To get optimal suspension geometry and aerodynamics I’ve designed the car with a front keel under a raised nose. This gives the longest possible lower front A-arms, minimizing the angle changes of the front suspension as it goes through bump and jounce motions. The raised nose clear airflow around the front wing. My computational fluid dynamics (CFD) studies show airflow around the front wing is extremely important as the wing operates in ground effect and generates downforce all out of proportion to its size. I spent a considerable amount of time trying to increase the downforce generated by the underbody and rear wing to match that of the front wing, even though those elements are far larger.

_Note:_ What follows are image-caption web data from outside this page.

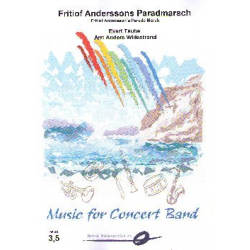 Fritiof Anderssons Parademarsch - Evert Taube / Arr. L. Fors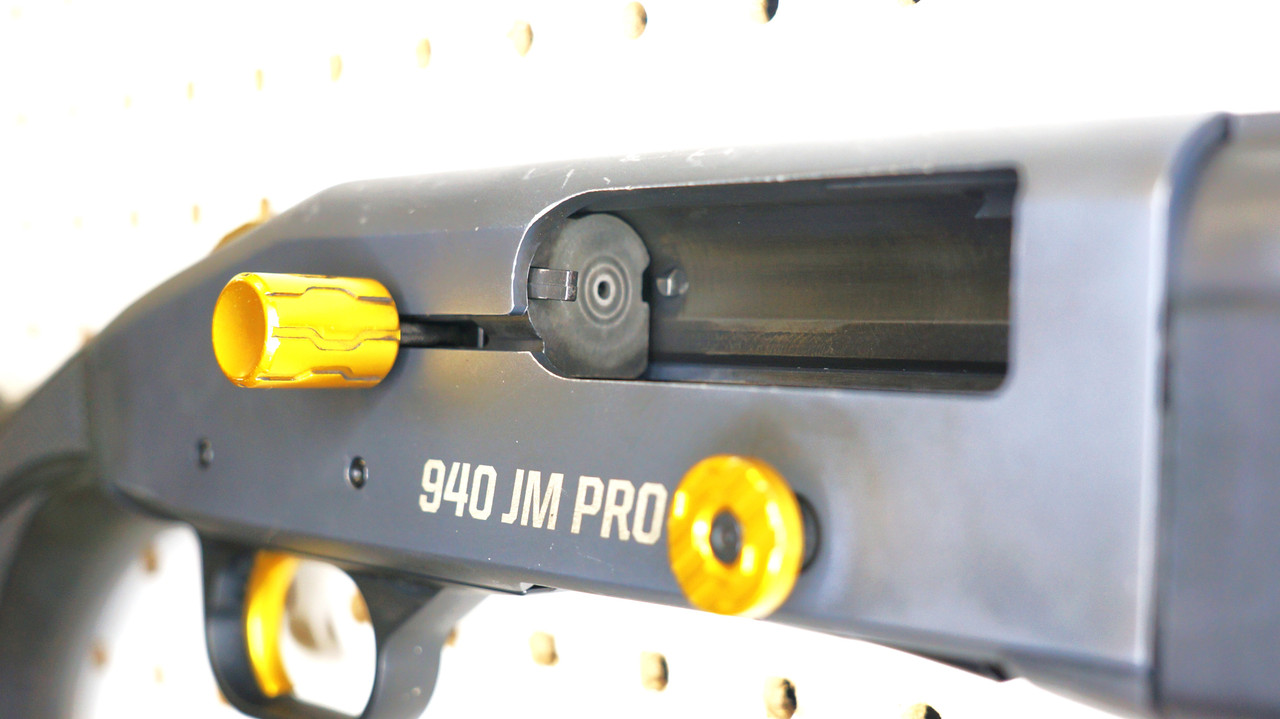 USED Mossberg 940 JM Pro 12ga. 3" 24" Competition Semi-Auto Shotgun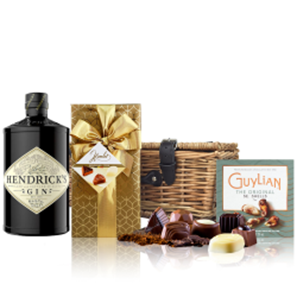 Buy Hendricks Gin 70cl And Chocolates Hamper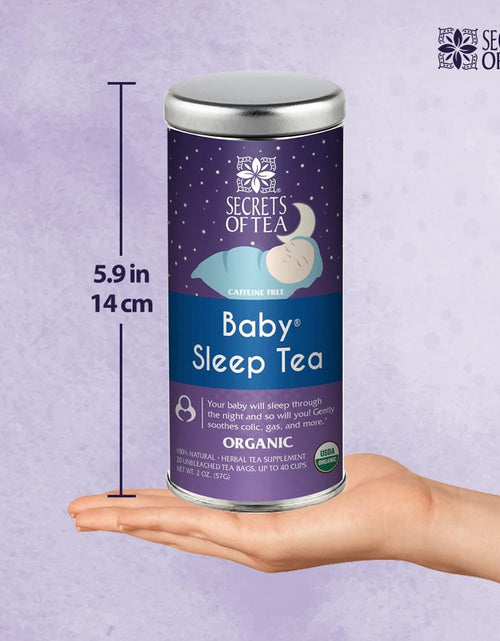 Load image into Gallery viewer, Baby Sleep Tea - Say Goodbye to Sleepless Nights
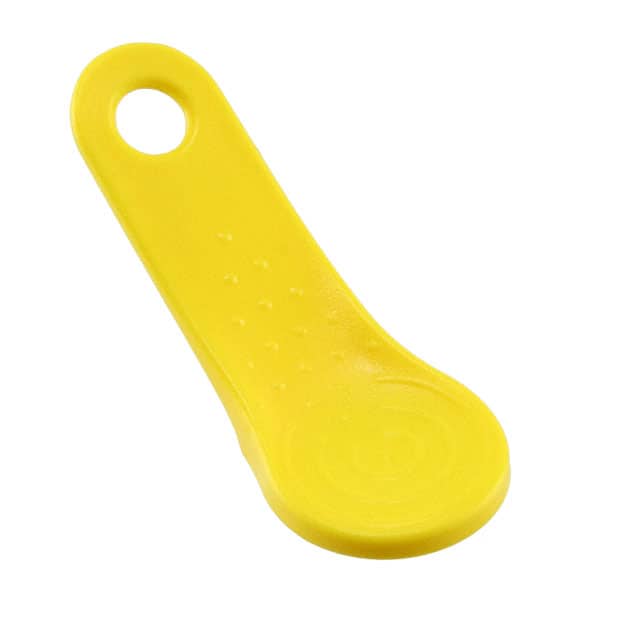 DS9093AY+ Maxim Integrated                                                                    IBUTTON KEY RING MOUNT YELLOW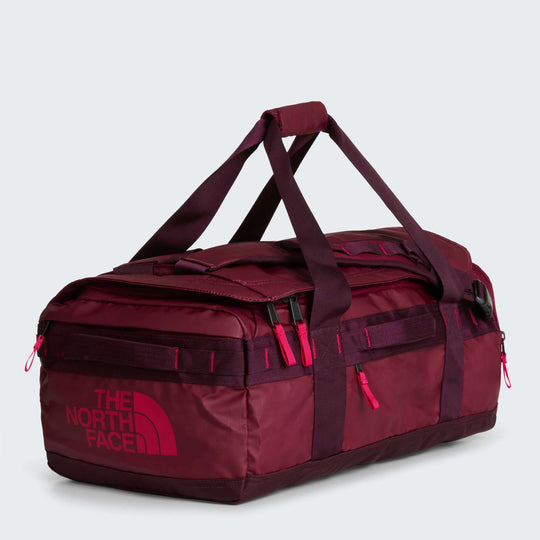 The North Face Base Camp Voyager Duffel 42L - Burgundy Crush/Deep Burgundy/Lali Guran - ALT3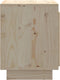 vidaXL - Nachtkastjes - 2 - st - 40x30x40 - cm - massief - grenenhout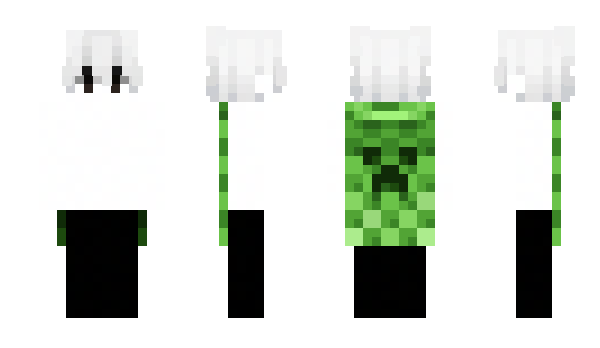 Minecraft скин по нику hackeur1337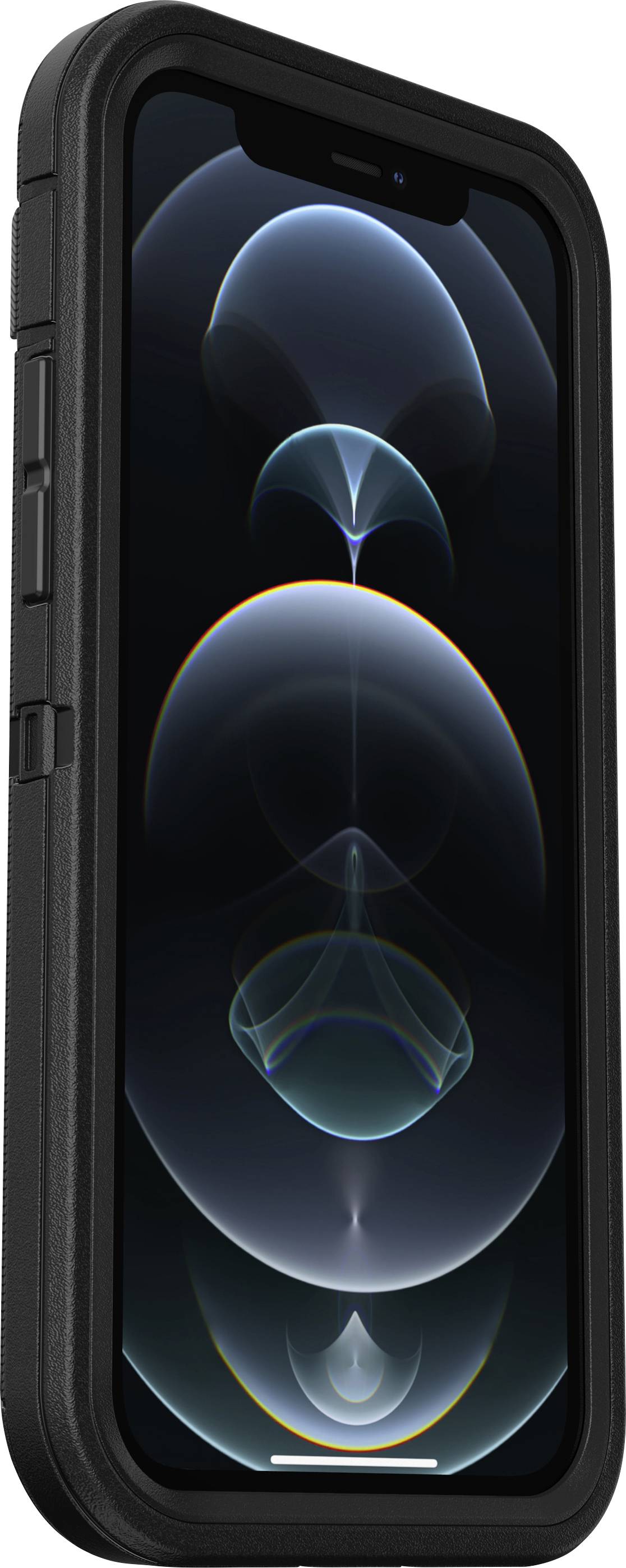 Otterbox Defender - ProPack BULK Backcover Apple iPhone 12, iPhone 12 Pro Schwarz Induktives Laden, Staubdicht, Stoßfest 77-66179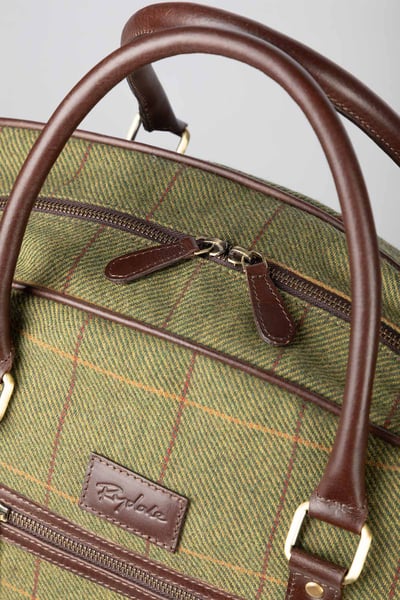 Bolso de noche de tweed - Helmsley - brezales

The front keel will use a stressed skin of aluminum formed to shape and riveted to tabs welded onto the frame tubes. This is the highest-stress area of the entire chassis, as under braking something like 2800 pounds of force will be transmitted through these members. You can visualize the car supported vertically on the front keel, with two more cars stacked on top of it, so this needs to be really strong.

Front Keel Tube

Front keel tube is drilled on the milling machine for front lower A-arm attachment points. This will give perfect mounting locations.

A-arm Attachments

Lower front A-arm attachment points were cut and drilled on the lathe, then tapped.

Welding Setup

Chassis table comes in handy again for welding the lower front A-arm attachment points into the front keel tube.

Finished keel tube

Completed front keel tube assembly. Front lower A-arm attachment points welded in place, ends of keel tube capped for strength.

Keel Tube in Place

Front keel tube assembly rigidly located in place on chassis table.

Tube Bender Scrap

The 3-roller tube bender generates about 65 cm of scrap at each end on small-radius bends before it starts generating the correct constant -radius bend.

Keel down-tube

First front keel down-tube in place. The surface of the keel will be concave to let air flow better across the upper surface of the front wing, necessitating curved tubes to hold the keel.

More down-tubes

More front keel down-tubes. The two rear tubes are a recent addition to the design as this area needs to be phenomenally strong and the tubes weigh almost nothing.

Finished Front Keel

Finished front keel and front subframe

The Build Begins– The Front Subframe

After more than a year and a half of design and several months of tool preparation, that long-awaited day has finally arrived: the day I touch saw to metal on an actual car part. The first step is to build the front subframe that sell sit horizontally at the bottom of the nose of the car. The chassis table already has holes drilled and tapped for 3/8″ bolts locating the subframe members precisely. Here’s the first tube in place among the pins on the chassis table.

First Tube

First tube in place on the chassis table, bent to fit pins

First Weld

Lower front frame member cut to fit and tack welded in place

Finished Subframe

Finished front subframe, fully welded. Since it's laterally symmetrical, it's flipped over to weld the bottom.

Subframe on jigs

Front subframe raised to final position, supported by chassis jigs. Note Natural-Polymer Swing Press at right. A useful tool.